Ao fundo está o planeta Saturno, e a definição da imagem é tão perfeita que é possível ver os asteroides gravitando nos anéis do planeta. Tudo mentira, mas assustadoramente real...
Westworld
Durante o processo de concepção do show, Björn Ulvaeus disse ter duas preocupações. A primeira era que não fosse algo mal-feito a ponto de envergonhar a banda e decepcionar os fãs, pois achava que para fazer o que ele e Benny imaginavam seria necessária uma tecnologia que ainda não existia.
"Um tour de um ano com nós todos velhinhos, não, obrigado. Agora uma noite em companhia do ABBA, não exatamente como eles eram nos anos 1970, mas tampouco como eles estão aos 70; um ABBA que transcende o tempo, com uma banda ao vivo de tirar o fôlego e um show de luzes estelar? Aí você está falando a minha língua."

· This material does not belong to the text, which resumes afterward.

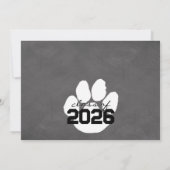Black & White Paw Print Afstuderen Kaart (Achterkant)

A segunda preocupação era um show que fosse tão tecnológico que seria frio a ponto de o público não reagir. Tinha que ser emocional. Durante as conversas com a supervisora de efeitos visuais Nicky Penny, que trabalhou com Sandra Bullock em "Gravidade", os produtores refletiram que este filme é tecnicamente espantoso, mas também é um filme sobre uma mãe que quer voltar para casa. Assim como bons filmes, bons shows de rock e pop têm uma narrativa.
Neste caso, a viagem no tempo de uma banda que de alguma forma conseguiu sobreviver nas mentes e corações das pessoas por cinco décadas. Mas como se diz na série da HBO "Westworld", que discute questões de inteligência artificial, consciência e memória: "nós vivemos tanto quanto a última pessoa que se lembra da gente". Por isso que na ABBA arena se vêem pessoas de todas as idades. As que cresceram ouvindo ABBA, ou ouvindo seus pais ouvirem ABBA, além das gerações que se apaixonaram pelas canções vendo "Mamma Mia" no cinema e no teatro.
E aí é que entra o elemento mais importante de todos: a música. Ter em seu repertório hits como "Dancin' Queen", "Knowing Me, Knowing You", "Fernando" e S.O.S." já é garantia de um karaokê. Durante a sessão de perguntas e respostas, Benny falou que já viu o show inúmeras vezes e que nada daquilo seria possível sem a reação emocional do público.
E como se não bastasse tudo isso, os ABBAtares "interagem" com a plateia, fazendo comentários sobre sua carreira, sempre dando a deixa para os aplausos. E em pelo menos um momento apontam o microfone para o público cantar junto, algo que este repórter não tinha percebido nas duas primeiras vezes que viu o show.
É como se a inteligência artificial por trás dessa tecnologia toda estivesse aprendendo as reações da plateia e se adaptando a ela. E caso o leitor esteja se perguntando se na terceira vez é possível notar os detalhes que entregam todo o truque, a resposta é não. Inclusive parece que ficou ainda melhor.
Outra semelhança com o enredo de "Westworld" é o número final: "The Winner Takes It All", em que aparece um coral de avatares, pessoas comuns que também foram digitalizadas somente para o show. Ou seja, em um futuro não tão distante é bem provável que todos nós tenhamos nosso próprio avatar em alguma nuvem.
O cantor Ricky Astley, de "Never Gonna Give You Up", fez a pergunta mais profunda e perturbadora da noite: "Vocês sabiam que a música os tinha eternizado, mas agora vocês realmente serão eternos. Isso os assusta?" Björn respondeu que embora já tenha pensado sobre isso, ainda não tinha conseguido elaborar uma resposta. "É algo que nunca aconteceu a ninguém. É meio absurdo."
Mais absurda ainda é a última cena da noite. O show termina, os ABBAtares desaparecem, e do canto direito vemos os quatro membros, hoje, somando quase 300 anos de idade vindo ao centro para agradecer ao público. Alguém então pergunta: "Mas são eles?" Outro responde: "Não sei!".